In 1950, Ten Point and Buckhorn clubs formed the Ten Buck Conservation Association. The purpose of this organization was to hold leases, provide overall management of the hunting land, and afford additional protection against damage and liability claims. Each club continued to take care of its hunting activities, and each had its own rules and regulations. On April 1, 1950, the Ten Buck Association secured a 20-year lease on the ATCO property for $1. This is thought to be the first formal written lease for hunting and fishing issued by ATCO.

Over time, more clubs would form across ATCO lands in the Steele Bayou area. Given this extensive network of managed lands, Ten Point and Buckhorn Clubs helped lead an effort in 1978 to form the Mahannah Deer Management Association. Multiple clubs contended the association could help better manage habitat and wildlife on these lands.

Over the last century, many generations have grown up in these clubs and enjoyed hunting and fishing in the lush bottom-lands around Steele Bayou. However, as with all things change is usually inevitable, and it is certainly so within the forest industry. In recent years, ATCO began liquidating land assets to adapt to a changing industry. MDWFP and The Nature Conservancy entered into discussions about acquiring the property immediately adjacent to Mahannah WMA. The deal became final in July 2018, securing a large tract of ecologically and recreationally valuable land to be held in public trust.

Bryant recognized as a champion of Mississippi conservation

 

Gov. Phil Bryant always has been happy to convey his love for hunting and fishing in Mississippi. And he did so quite emphatically at his first Governors Sportsmen’s Council gathering.

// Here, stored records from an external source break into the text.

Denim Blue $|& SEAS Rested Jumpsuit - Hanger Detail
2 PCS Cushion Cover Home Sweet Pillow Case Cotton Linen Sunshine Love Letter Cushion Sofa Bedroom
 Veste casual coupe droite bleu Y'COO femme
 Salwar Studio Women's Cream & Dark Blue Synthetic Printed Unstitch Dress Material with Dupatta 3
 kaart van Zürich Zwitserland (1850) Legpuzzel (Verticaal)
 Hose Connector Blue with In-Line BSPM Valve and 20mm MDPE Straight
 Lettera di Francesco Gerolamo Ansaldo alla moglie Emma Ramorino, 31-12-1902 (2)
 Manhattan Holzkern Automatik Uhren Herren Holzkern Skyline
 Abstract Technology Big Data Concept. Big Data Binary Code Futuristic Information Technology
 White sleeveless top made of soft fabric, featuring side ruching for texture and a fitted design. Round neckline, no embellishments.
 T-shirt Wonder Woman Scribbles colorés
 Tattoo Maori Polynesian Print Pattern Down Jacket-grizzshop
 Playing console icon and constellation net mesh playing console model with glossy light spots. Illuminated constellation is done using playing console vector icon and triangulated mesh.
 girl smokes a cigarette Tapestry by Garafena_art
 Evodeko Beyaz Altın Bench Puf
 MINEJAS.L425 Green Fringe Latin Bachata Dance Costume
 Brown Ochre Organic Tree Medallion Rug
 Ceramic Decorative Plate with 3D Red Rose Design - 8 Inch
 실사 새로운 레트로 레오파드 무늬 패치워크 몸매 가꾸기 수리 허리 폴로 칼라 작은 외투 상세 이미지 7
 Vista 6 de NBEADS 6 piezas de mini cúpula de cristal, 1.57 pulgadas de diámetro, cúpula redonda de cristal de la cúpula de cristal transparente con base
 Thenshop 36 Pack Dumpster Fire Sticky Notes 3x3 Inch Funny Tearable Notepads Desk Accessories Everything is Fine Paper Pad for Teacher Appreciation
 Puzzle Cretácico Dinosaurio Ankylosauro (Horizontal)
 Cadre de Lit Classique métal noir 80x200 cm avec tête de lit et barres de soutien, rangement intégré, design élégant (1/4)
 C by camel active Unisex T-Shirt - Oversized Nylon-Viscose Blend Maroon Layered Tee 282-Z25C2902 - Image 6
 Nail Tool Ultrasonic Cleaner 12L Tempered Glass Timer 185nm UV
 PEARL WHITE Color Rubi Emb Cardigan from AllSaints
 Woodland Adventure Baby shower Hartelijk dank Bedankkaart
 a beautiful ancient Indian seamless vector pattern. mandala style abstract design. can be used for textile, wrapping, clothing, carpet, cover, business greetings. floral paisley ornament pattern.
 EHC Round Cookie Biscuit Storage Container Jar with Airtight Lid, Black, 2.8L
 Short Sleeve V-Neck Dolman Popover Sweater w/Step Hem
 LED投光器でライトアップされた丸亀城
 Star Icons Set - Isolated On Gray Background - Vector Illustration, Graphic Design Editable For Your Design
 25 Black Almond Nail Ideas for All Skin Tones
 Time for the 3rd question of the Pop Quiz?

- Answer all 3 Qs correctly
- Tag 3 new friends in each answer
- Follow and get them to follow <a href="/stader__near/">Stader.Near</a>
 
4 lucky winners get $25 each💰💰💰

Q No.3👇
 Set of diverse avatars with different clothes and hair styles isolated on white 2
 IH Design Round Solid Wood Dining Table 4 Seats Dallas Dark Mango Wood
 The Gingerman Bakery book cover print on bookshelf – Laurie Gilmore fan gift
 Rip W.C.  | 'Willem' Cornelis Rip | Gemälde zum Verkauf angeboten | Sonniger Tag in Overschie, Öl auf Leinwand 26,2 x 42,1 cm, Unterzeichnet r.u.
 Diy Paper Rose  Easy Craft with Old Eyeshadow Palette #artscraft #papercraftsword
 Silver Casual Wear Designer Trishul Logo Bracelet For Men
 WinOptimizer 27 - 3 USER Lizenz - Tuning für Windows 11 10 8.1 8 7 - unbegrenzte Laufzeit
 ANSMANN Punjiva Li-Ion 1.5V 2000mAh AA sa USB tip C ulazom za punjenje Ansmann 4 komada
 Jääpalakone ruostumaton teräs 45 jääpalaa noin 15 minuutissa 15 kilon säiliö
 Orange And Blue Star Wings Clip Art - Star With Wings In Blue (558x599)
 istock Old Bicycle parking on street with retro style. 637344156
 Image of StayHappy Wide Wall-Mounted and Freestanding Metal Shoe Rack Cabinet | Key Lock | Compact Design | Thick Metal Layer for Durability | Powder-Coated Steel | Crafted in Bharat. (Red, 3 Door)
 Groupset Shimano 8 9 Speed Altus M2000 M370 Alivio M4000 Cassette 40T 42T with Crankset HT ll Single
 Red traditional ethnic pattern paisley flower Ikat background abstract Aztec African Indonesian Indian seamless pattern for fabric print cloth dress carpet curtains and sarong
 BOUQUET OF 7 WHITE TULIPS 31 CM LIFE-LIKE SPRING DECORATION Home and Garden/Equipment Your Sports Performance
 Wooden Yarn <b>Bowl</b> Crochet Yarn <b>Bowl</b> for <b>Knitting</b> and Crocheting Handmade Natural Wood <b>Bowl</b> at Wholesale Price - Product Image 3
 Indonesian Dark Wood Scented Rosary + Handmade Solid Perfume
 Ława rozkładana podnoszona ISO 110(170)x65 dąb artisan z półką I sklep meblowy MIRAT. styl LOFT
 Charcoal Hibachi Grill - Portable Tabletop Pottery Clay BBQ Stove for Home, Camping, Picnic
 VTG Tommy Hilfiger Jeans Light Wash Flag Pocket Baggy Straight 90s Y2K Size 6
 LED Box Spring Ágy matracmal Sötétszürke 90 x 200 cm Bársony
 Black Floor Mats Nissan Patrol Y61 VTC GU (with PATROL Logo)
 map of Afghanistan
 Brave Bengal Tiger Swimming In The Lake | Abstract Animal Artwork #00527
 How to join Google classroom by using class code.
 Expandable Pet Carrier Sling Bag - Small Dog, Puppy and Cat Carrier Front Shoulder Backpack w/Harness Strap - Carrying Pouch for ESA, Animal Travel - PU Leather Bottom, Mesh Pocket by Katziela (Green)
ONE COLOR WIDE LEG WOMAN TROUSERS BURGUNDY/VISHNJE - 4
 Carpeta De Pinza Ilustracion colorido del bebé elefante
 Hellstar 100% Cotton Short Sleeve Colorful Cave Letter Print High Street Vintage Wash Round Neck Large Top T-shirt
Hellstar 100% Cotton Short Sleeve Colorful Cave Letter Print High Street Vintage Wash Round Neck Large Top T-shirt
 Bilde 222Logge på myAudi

“I remember walking into that room that evening in Washington, DC, and there were a number of people there,” Gov. Bryant told a group at the recent opening of the McIvor Shooting Facility in Sardis. “I was relatively new at that time as a governor. There were a number of them talking about how there were sports in their states and how they had these hunts – pheasant hunts and one-shot antler hunts – and they said, ‘what do you do?’ I said, ‘Well, I try to do all of it, but one of my favorite things to do is hog killing … with a knife.’ They said, ‘You want to be chairman?’ I said, ‘I think I do.’” 

Governor Phil Bryant (left) with MDWFP Executive Director Dr. Sam Polles (right)

Phil Bryant will be recognized as governor for only a few more days, but his recognition as a champion for Mississippi outdoors and conservation will continue when the Phil Bryant Wildlife Management Area officially opens for hunting for the 2019-2020 season.

“(Phil Bryant) has been one of the biggest friends of the Agency and outdoors and conservation,” said Mississippi Wildlife, Fisheries, and Parks Foundation co-treasurer Chris Gouras. “Time and time again, when we’ve asked him for help, he has always been there. Annually, our biggest fundraiser is the Governor’s Hunt. We have about 50-60 supporters of that event every year. The governor has been there every year, eight years in a row. And during that time period, he has helped us raise over $2 million … to help support the initiatives and the things that we do.”